Ясно и тихо было на душе у Ивана Мелентьева, когда он в это тихое и ясное утро озирал своими старыми исслезившимися глазами родные поля с высоты воза, набитого мешками с мукой. Неспешно тянула воз по непривычно сухой дороге рыжая кобыла Мелентьева. Неспешно глядел и думал старик на своём возу. Куда спешить? Слава те, Христе, овсами отсеялись, гречишку ещё рано сеять; и на дворе есть кому поработать, помимо старика! Теперь для работы прохладно. Ребята справляют кое-что по дому: телеги, сохи, — а старик взял и добежал по зорьке до прилепской мельницы обрушить и помолоть мучицы на пироги. Ближняя мельница в Спасах, на которой постоянно мололи пересухинские мужики, давно порвана — господа не живут, «арендатель» сбежал, а приказчику какое дело: чужая болячка никому не больна. И приходится теперь мужичкам от своего завода, от своих больших вод побираться по дальним мельницам. Хорошо ещё, что в Прилепах мельник человек хороший, тихий, никаких пакостей не бывает, и мелет не хрустко; присаживай, мужичок, сам как знаешь; ключ тебе в руки, хозяйничай! Ну, а всё двенадцатую берёт. Возик смолол, а ему две меры отнеси, да в гребло, а вéрхом. Шутка! А нонче за мерку-то полтинник отдашь… Особливо наша рожь, самая погожая, вся «с постати» молочена, росинки на себе не видала и спорà к тому же. Хлеб-то напекла баба с новины — куклевань-куклеванью!
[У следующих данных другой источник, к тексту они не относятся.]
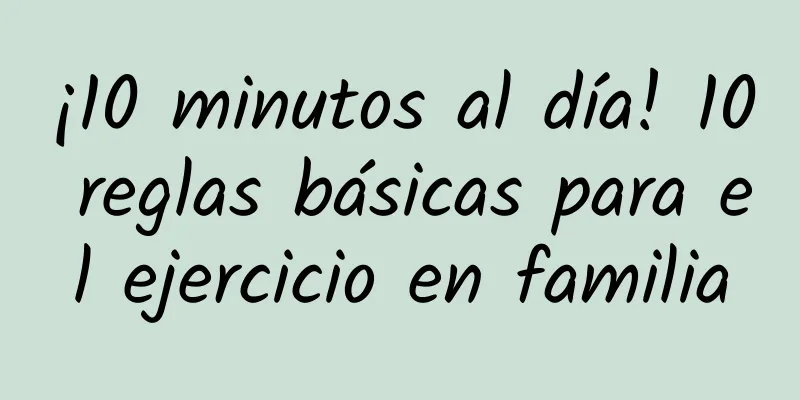 ¡10 minutos al día! 10 reglas básicas para el ejercicio en familia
— Слетишь, Матюшка, не балуйся! — перебил вдруг старик свои размышления, заметив, что его пятилетний внук, мальчишка с белыми, как лён, волосами и розовою мордочкою, стал беспокойно болтать ногами на хребте кобылы, куда усадил его ещё на мельнице баловник-дед. — Сказываю, слетишь! Ведь стащу с лошади, пойдёшь пешком; дед-то домой уедет, а ты оставайся в поле.

— Не смеешь, — шепелявил Матюшка, знавший свою власть над стариком-дедом. — Тебе батька бока намнёт!

— Ишь ты, чертёнок! — шутил дед. — От земли не видать, а тоже брехать норовит! Я те достану, щенка! Вот ужо, погоди!

— Деда, а завтра лепёшки будет мамка печь?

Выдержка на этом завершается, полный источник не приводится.